Now, the with the memory elements we will attach a clock, so whatever was there in the
sequential circuits the present input is there the outputs are there, some of the outputs
attached with the memory element and they are fed back to the memory. Now, we are
another input, this is a clock input that is given to the memory, so what it will be
See the clock pulse is used to regulate the feedback, when the clock pulse becomes high
the inputs are enabled. So, if we see the picture, so when this clock pulse say here
we are giving say one clock pulse, so when this clock
pulse is high means this is high, then only
this inputs are this memory inputs are enabled to the combinational circuit, so this is the
circuitry description the sequential module description. So, mainly there are another
control input and that is the clock pulse is attached with the memory element.
Now, this circuits with feedback, so memory elements can be created by simple gates
this is the inverter NOR gate and NAND gate.
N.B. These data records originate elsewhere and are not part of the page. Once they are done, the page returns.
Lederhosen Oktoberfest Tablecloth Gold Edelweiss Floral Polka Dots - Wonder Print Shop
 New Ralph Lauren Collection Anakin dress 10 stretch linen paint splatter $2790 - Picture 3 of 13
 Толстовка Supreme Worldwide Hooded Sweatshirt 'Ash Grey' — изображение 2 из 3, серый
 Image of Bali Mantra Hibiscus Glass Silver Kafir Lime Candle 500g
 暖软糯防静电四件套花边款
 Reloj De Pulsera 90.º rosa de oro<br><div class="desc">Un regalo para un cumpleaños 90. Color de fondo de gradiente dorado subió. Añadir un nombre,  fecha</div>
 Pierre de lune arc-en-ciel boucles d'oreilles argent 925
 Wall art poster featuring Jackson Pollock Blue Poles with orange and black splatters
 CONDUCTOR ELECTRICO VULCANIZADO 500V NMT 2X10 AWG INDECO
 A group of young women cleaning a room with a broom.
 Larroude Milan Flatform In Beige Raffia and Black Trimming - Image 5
And mainly this is the basis for
commercial static RAM designs, means the one bit memory element. And cross coupled
NOR gates NAND gates that are also used that means, inverter NOR gate NAND gate
mainly, they are the they are used to design one bit memory.
First we see the simplest design, see we consider here 1 inverter we if we draw say first 1
inverter is there we apply 1 1, so what will be the output, output will be 0. Now, another
inverter is cascaded with this, so it will be the output will be 1, now if it is feedback.
So, here I am giving 1 and that 1 and getting
here and see here the concept is, as if the delay
of two inverters up to this time this. The some of these delays up to this time this
1 is stored in this circuit, my input is 1 input
is 1 my output is 1 and as if this is the time and
stored this one the time during which the 1 is stored. So, this simple concept is being
used. Now, before we read the in details the design of flip flops or this memory elements
using NOR and NAND circuit first we define a flip flop and the latches.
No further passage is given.